I'm just kind of sitting in the dark on the ground writing a long, frustrating paper with a coffee and endless cigarettes, listening to Neil Young Live at Massey Hall 1971 and the skies are dark and windy and on the verge of downpour. I have some candles going and I want to be in this dark candlelit thunderstorm head space for as long as possible. It's a very good vibe going on. Why do I feel the need to ruin it by writing about it in a blog post, that is the question. Reaching out for some sort of pseudo-human contact. Wanting someone to understand how I feel right now. I wish experiences could be shared. Too bad there's not a formula to reproduce the same feelings in other people, so I wouldn't feel "alone" all the time and little beautiful moments could actually be shared and I could look at you and think, yes, we are having a deep profound moment of mutual self-recognition right now, how interesting, maybe we have some deep spiritual connection or maybe we should have sex. Like it happens in the movies while an appropriately melancholic song plays in the background. We are all elaborate productions and producers of life and my little moments of feeling deeply connected to people or the universe or whatever the fuck are little stage plays that I create and relish in. Producing machine-bodies, c'est tout. I'm feeling cynical but willing to invest.

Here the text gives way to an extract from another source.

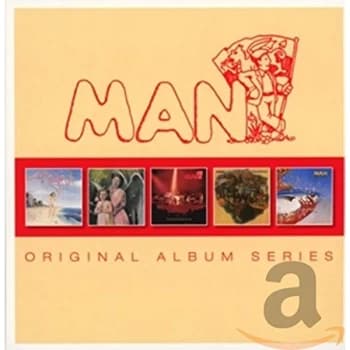 Man - Man CD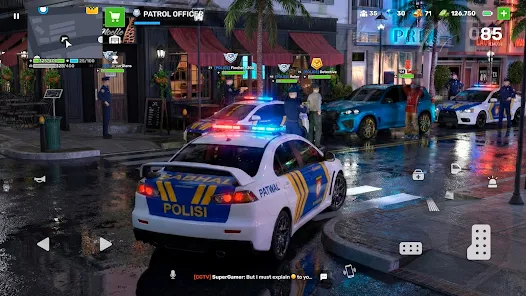 Flex City RP: Game Mobil Balap screenshot 9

Music hasn't been a large part of my life in the past few weeks because sometimes I'm afraid. There are some albums that I put on and instantly feel like I'm cuddling in a bed with a friendly person who knows me really well. Like my body unwraps itself. These are those albums:
1)Elliott Smith. Either/Or
2)Jeff Buckley. Live at Sin-e
3)Neil Young. Live at Massey Hall 1971
4)Goldfrapp. Felt Mountain
5)Microphones. The Glow Pt.2
6)Emily Haines & the Soft Skeleton. Knives Don't Have Your Back
7)Nick Drake. Pink Moon
8)Wilco. Yankee Hotel Foxtrot
9)Atlas Sound. Let the Blind...
10)Bonnie Prince Billy. The Letting Go
11)My Bloody Valentine. Loveless
12)Talk Talk. Spirit of Eden
13)Grouper. Dragging a Dead Deer Up a Hill
In no way is this a "GREATEST ALBUMS EVER" declaration. They're just the ones that keep me sane and feel like friends.
What are your favourite comfort-food albums? I'd like some suggestions.